How Does Smoking Cigarettes Affect Sleep?

Insomnia, Snoring, and Sleep Apnea May Be Worsened by Smoking

A young man smokes a cigarette on his bed and is at risk for insomnia, snoring, and sleep apnea
A young man smokes a cigarette on his bed and is at risk for insomnia, snoring, and sleep apnea. Getty Images

If you or a loved one smokes cigarettes, you may wonder: How does smoking cigarettes affect sleep? Learn about the potential contribution to insomnia, including sleep fragmentation, and to snoring and sleep apnea. Finally, consider the importance of safety and a few other reasons why you may want to stop smoking for your health.

The Role of Nicotine in Insomnia

Smoking cigarettes or using other tobacco products like cigars can affect your sleep in several important ways.

It all has to do with the active ingredient, nicotine.

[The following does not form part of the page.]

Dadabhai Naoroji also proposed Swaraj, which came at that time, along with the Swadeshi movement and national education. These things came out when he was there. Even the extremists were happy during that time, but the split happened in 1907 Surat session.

First, depending on your level of use and dependence, your desire for additional nicotine during your sleep may cause you to awaken and this may lead to insomnia. Nicotine itself is a stimulant and the use of it too close to bedtime may also make it difficult for you to fall asleep.

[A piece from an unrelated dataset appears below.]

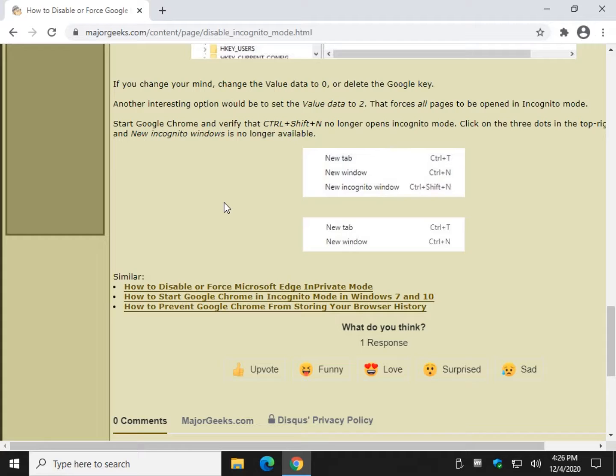It's gone. So nobody can access it. Press control shift N, which is another way to open it. And I'm clicking, clicking, clicking. Nothing.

This being said, there are some people who report that smoking makes them feel sleepy. As it may relieve anxiety and cause some relaxation, this is possible, but most people will respond to its stimulating properties.

Sleep Changes That Occur with Smoking Cigarettes

Smoking also is associated with a disruption of the basic structure of sleep called sleep architecture. This is the pattern of sleep stages that occur during the night. It seems that smoking fragments sleep and leads to insomnia.

In a research study, it was shown that current smokers take slightly longer to fall asleep (called the sleep latency), sleep less, and have less deep sleep (called slow wave sleep).

Difficulty falling or staying asleep characterizes insomnia complaints.

For those who quit smoking, these differences in sleep architecture do not persist. It should be noted that those who have never smoked seem to have better sleep quality overall, however.

The Risks of Snoring and Sleep Apnea Among Smokers

There is also good evidence that smoking increases the likelihood of both snoring and sleep apnea.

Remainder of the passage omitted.